Hacker News new | ask | show | jobs
by daniele_dll 1373 days ago
A bit from everything: the hashtable leverages the CPU caches and the cachelines, it also uses SIMD instructions to search very quickly the hash, once a bucket in the hashtable is identified, only the relevant bits in the hash are compared, on top of this there is the custom memory allocator, fibers and io_uring is of great help network side, etc.

The multithreading helps to scale the access to the hashtable vertically almost linearly.

The use of the fibers make everything easier because cachegrand doesn't have multiple threads running on the same core fighting for the same resources.

On top of this (and thanks to not having multiple threads fighting for the same resources on the same core), the hashtable uses user-space spinlocks (that are "fake" spinlocks as they can't prevent the kernel to preemept, although there are ways to do it) and the "contention" is spread all across the hashtable. The spinlocks though are only used to change the hashtable (with UPSERT, DEL and Read-Modify-Write operations), they are not required to read from it.

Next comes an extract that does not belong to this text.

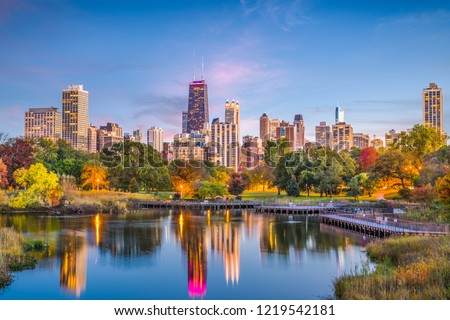 Chicago, Illinois, USA downtown skyline from Lincoln Park at twilight.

Let's say that thread A, B and C, want to access key1, key2 and key3.

If you an hashtable of 10000 buckets, cachegrand will basically split it in chunks of 14 elements and each chunk will have its own localized lock, so there will be about 714 different possible locks. In general, unless you are writing always to the same key, the writes will be distribuited across all the hashtable hitting different locks so it will not be necessary to wait.

Of course I considered different approches a few years ago when I was researching the hashtable including sharding it across multiple threads and let a thread own a slice of it but decided not to go down this way because instead of having 714 locks, like the case above, you will need to use queues to pass messages between the threads (a bit like Scala does) and "focus" the contention on limited number of memory areas (e.g. if you have 4 threads you will have 4 queues and focus the contention on these 4 queues which is bad). Of course you can use atomic operations to push and pop elements from these queues but it will not be able to scale up as the contention will make this system tremble under heavy load.

cachegrand, thanks to the localized spinlocks, can hit 60 million GET and 27 million SET per second on hardware used for benchmarking.